Vom Porträt zur Poesie – Stadtansichten, die berühren
Was ist der Unterschied zwischen einem biometrischen Passfoto und einem Selbstbild auf Instagram? Das eine zeigt Menschen möglichst objektiv, das andere zeigt, wie Menschen gesehen werden möchten. Und genau das gelang dem Fotografen Mario von Bucovich vor 100 Jahren - nicht nur mit Menschen, sondern auch mit Orten. Wie er auf Fotos die Stimmung von Menschen und Orten in den 1920er-40er Jahren einfing, ist derzeit in Mannheim zu sehen.

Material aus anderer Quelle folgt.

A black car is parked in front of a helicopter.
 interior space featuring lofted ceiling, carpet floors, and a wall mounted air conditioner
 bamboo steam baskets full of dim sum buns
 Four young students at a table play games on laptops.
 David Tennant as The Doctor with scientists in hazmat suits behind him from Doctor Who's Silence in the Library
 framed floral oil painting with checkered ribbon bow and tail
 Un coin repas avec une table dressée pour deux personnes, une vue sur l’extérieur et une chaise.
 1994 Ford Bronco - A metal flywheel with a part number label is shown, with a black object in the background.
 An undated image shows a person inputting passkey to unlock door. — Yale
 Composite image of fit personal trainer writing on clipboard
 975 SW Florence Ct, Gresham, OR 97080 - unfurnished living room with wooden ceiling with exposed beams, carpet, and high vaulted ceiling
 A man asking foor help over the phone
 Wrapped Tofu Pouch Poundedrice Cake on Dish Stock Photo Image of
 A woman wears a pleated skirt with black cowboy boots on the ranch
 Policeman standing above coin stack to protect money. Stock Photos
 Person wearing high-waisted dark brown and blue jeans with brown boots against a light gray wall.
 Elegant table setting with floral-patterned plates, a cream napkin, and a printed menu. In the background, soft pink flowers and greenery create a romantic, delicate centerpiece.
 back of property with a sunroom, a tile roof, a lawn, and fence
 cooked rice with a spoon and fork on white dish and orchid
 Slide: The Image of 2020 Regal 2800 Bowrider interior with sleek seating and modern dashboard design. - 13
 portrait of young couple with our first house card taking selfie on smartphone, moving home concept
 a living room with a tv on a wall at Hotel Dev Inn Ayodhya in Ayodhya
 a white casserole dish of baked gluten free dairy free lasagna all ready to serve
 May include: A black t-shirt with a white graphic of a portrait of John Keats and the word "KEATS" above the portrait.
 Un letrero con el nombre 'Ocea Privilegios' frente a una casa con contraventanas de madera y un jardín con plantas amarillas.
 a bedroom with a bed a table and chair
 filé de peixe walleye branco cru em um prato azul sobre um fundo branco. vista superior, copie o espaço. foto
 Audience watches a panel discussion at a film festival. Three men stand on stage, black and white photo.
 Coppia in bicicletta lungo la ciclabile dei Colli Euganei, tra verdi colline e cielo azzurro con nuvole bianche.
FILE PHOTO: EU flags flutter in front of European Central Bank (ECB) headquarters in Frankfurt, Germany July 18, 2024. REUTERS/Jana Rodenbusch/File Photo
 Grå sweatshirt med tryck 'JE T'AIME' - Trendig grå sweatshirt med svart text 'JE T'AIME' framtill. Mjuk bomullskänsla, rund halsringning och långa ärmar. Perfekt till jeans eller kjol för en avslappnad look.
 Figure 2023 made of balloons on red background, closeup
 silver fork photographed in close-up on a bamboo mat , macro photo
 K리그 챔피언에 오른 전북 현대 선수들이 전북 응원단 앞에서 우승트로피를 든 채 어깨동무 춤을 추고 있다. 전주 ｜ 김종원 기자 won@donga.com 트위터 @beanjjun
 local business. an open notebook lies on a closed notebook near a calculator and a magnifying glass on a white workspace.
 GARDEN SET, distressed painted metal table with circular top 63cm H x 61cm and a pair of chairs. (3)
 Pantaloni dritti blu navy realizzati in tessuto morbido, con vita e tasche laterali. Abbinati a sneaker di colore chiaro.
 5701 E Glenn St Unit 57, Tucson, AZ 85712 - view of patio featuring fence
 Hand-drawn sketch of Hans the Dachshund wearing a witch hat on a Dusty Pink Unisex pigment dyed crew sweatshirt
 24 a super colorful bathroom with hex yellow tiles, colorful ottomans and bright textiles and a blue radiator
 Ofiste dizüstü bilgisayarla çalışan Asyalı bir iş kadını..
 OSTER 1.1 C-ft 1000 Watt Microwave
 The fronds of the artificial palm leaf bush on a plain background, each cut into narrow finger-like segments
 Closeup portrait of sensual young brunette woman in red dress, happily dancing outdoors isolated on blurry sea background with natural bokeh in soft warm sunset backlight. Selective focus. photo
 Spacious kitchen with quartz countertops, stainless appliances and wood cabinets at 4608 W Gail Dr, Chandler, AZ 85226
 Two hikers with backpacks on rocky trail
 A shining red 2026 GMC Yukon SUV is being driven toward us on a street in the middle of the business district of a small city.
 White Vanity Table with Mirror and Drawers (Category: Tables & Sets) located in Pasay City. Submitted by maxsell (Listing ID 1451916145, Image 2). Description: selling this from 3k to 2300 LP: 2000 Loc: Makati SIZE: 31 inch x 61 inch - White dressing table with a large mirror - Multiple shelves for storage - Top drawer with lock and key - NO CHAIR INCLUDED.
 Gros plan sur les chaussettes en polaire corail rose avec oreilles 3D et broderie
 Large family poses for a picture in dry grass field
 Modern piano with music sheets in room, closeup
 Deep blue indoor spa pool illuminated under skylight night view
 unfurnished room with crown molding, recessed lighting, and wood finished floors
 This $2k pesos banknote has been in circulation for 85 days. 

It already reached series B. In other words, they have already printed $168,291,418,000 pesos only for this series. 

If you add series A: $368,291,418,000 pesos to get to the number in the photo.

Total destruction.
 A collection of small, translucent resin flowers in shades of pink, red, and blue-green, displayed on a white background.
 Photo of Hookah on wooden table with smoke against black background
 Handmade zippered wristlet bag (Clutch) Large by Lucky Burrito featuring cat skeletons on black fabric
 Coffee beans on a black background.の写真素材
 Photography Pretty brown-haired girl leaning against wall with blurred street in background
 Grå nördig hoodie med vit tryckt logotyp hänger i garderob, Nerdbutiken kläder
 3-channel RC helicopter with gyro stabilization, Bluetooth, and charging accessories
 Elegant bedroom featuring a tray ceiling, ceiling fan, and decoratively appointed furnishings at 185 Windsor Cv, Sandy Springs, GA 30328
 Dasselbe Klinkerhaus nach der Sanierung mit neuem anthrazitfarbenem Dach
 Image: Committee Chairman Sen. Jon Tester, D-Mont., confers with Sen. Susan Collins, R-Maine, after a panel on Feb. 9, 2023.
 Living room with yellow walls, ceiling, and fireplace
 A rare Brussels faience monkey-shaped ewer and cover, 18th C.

“Berlin, Paris und anderswo” heißt die Ausstellung, die bis zum 05. Oktober 2025 in der Kunsthalle Mannheim zu besichtigen ist und die meiner Meinung nach viel Aufmerksamkeit verdient. Gezeigt werden Fotografien von Mario von Bucovich, der in den 1920er Jahren bis zu seinem Tod 1947 weltweit tätig war und als einer der bedeutendsten Porträtfotografen der 1920er Jahre gilt. Aber sein Portfolio geht weit darüber hinaus.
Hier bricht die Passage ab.